There are 1147 unique words in the poetry that follows, out of the 2756 words that make up the poetry in this section. That’s almost half. I’m a bit obsessed with data, with counting, and with ratios. I love a good concordance. One of the things I do when I’m writing my own poetry is generate concordances throughout the process. I find it extremely interesting to consider how many words out of the millions available to us in English, not to mention the possibility of neologisms and portmanteaus, we employ. What are the words we choose and why?

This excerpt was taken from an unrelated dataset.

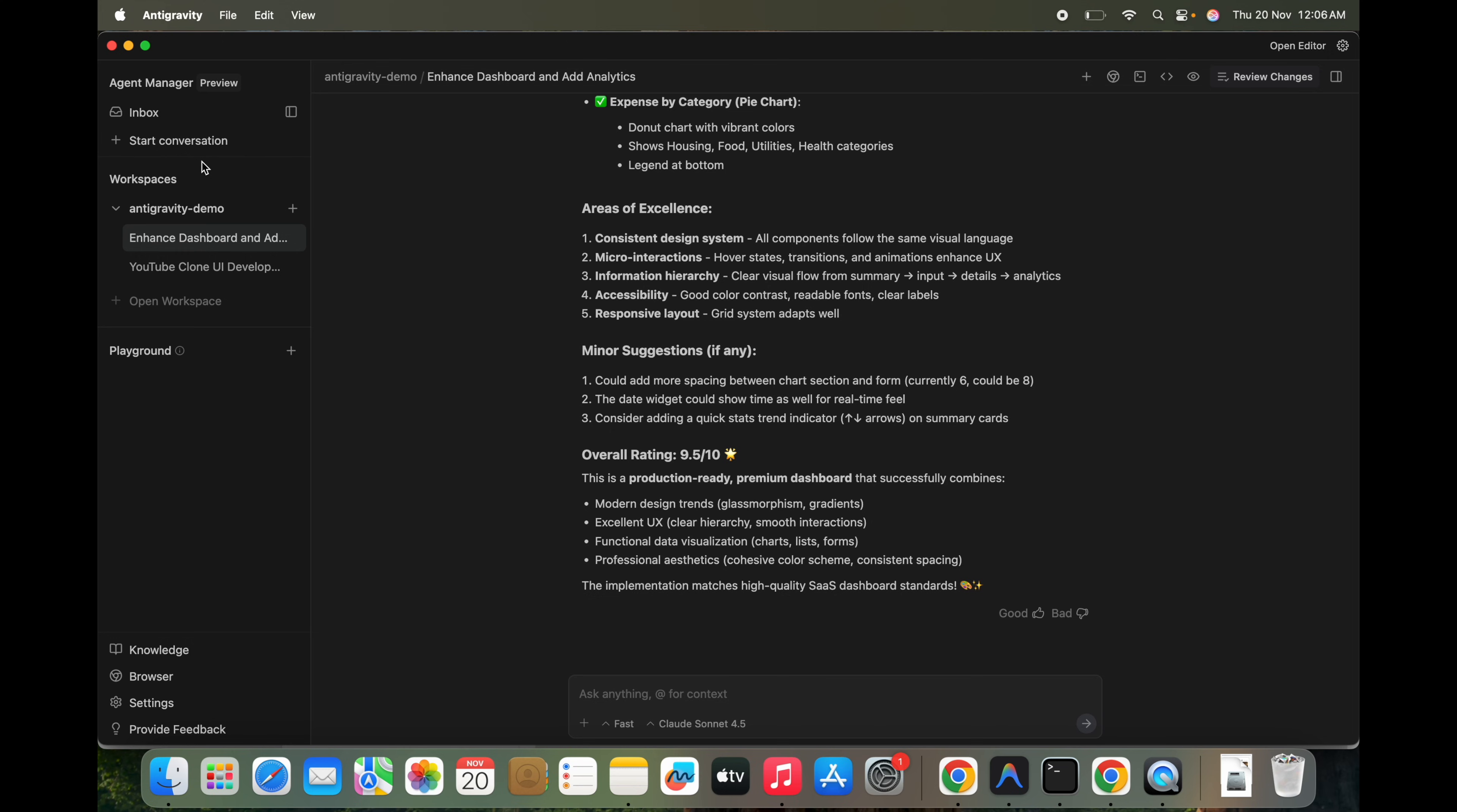So that's a quick look at Google Antigravity, a desktop agent-first alternative to tools like Cursor and Windsurf and Visual Studio Code Copilot. With cross-surface agents and access to multiple top-tier models, this pushes AI-assisted development to the next level. Thanks for watching, and I will see you in the next video. If you want any other AI agent related video, just drop down in the comments. I will sure create a video on that. Thank you.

Though I was not the editor of this section, and in fact just got to read it in preparation for writing this note, I am deeply impressed by the language within. The former Poetry Editor Michelle Chan Brown, and (continuing) Assistant Editor Nic Wong, and poetry readers Ching-In Chen (continuing), Candy Shue, Jim Redmond, Thao Nguyen, and Matthew Hamilton have curated a beautiful selection of poetry. I’m grateful to them for all their work on this issue, and so much more over the past few years.
I think counting can tell you a lot about the world. This poetry section contains work by fourteen artists, ten of whom are women, but only two of whom are writers of color. The word “moon” is used only once, as are the words “nightkind” “grief” “waxwings” “befuddled” “gunrunners” “darkness” “suffocating” “savages” “touching” “liberation” and “scream.” These are some of the 790 words used only once in this section of poetry. “Blood” is used twice, but “teeth” three times, and “bones” and “heart.” There are four “bodies” and five “explains” and five times the word “body,” too. Five times the word “loved” and “world” and “little.” What does this tell you about the world of these poems?